廣東畫院美術館館長陳跡認為,除了收藏一定是要政府出大力氣來做,博物館和美術館除了大館以外,還要建一系列小館。“國外就是有很多的博物館,我看了一些材料,在歐洲平均大概五六萬人一個博物館,但他們都不一定都是很大的館,我們也要鼓勵民間、企業辦一些有意思的小館。”


“不建館怎麼收藏?只有建館才會顯出收藏的緊迫性。如果不建館,就不會想我沒有東西,就不會有收藏的緊迫性,我還是主張要建館,你建一個超大的美術館,那就顯得很空沒東西。”樑江說道。



除了新館的建設,廣東美術館的擴建也迫在眉睫。王紹強表示,“未來像廣東美術館,整個硬件如何藉助這次從政府到社會的關注,如何推動發展和工作,也是一個關鍵的問題。整個廣東美術在中國的地位,大家都有一個共識,但從文化的角度來看,在整個投入方面,其實是不太夠的。比如同樣是國家重點美術館,上海的投入,從硬件和軟件上大概是我們的十倍以上,他們的建築面積超過二十萬平方米,而廣東美術館是兩萬二千平方米。接下來的發展,其實李主席也在推動這個工作,我們也是帶有一定理想和情懷在推動這個事情。”

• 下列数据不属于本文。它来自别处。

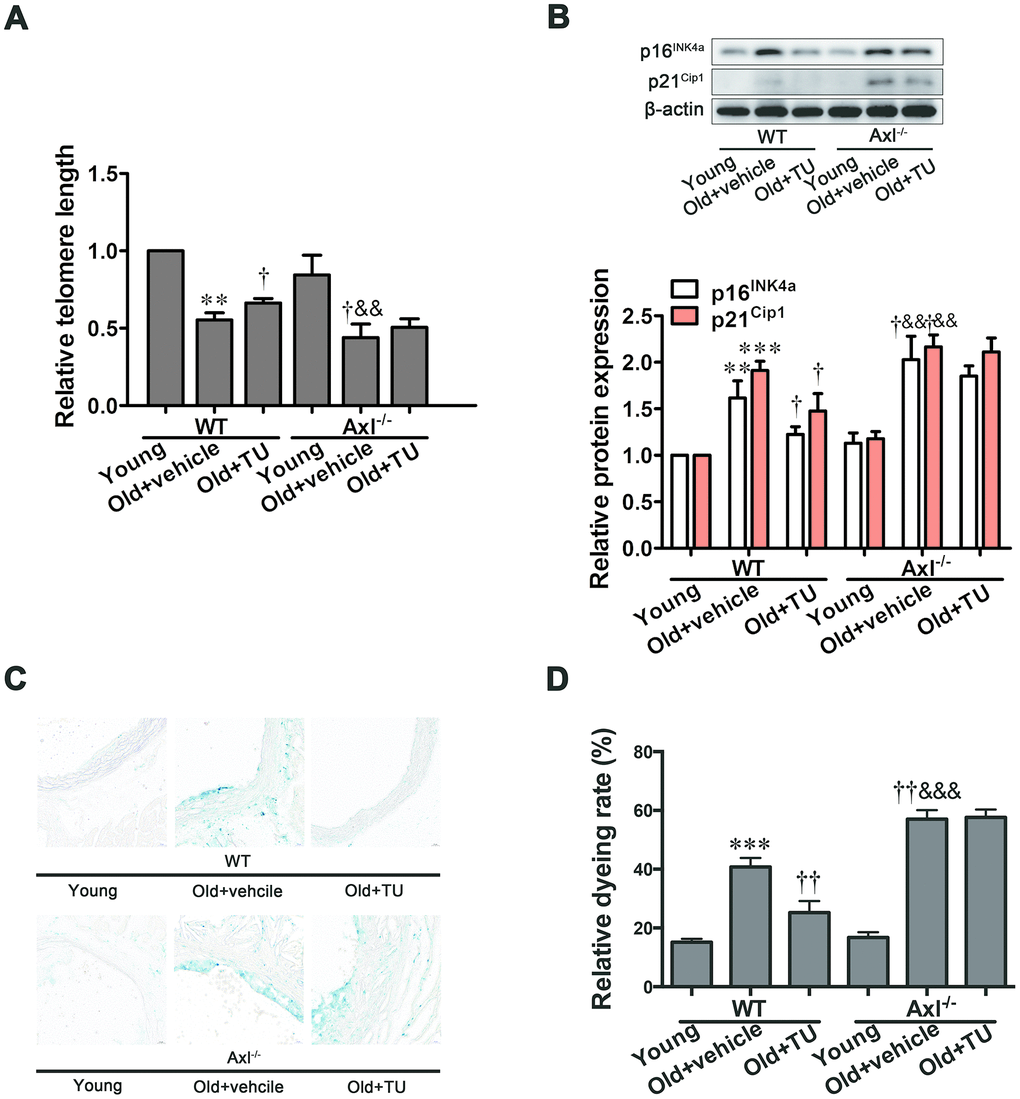 Gas6/Axl was involved in the anti-senescence effect of testosterone on vascular cell senescence. (A) The relative telomere length was detected by real-time PCR. (B) Representative Western blot and analysis of p16INK4a and p21Cip1. (C): Representative b-galactosidase staining with the descending aorta from the mouse (scale bar: 20μm). (D): Analysis of the relative dyeing rate. Data are mean ± SD; **P ***P vs. WT young group; †P ††P vs. WT old group; &&P &&&P vs. Axl-/- young group; A-B: n = 3 for each group, C-D: n = 5 for each group.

此外,李勁堃也多次提議籌建“嶺南畫派紀念館·當代館”,以展示新中國美術以及改革開放以來的廣東美術成就和輝煌歷史,完整地呈現現當代藝術家的風采。“這樣不僅提升了廣東中青年藝術家的知名度,也是對他們藝術成就的認可與褒獎。”(文來源雅昌藝術網,圖為廣東美術館展出現場,黃偉哲/攝)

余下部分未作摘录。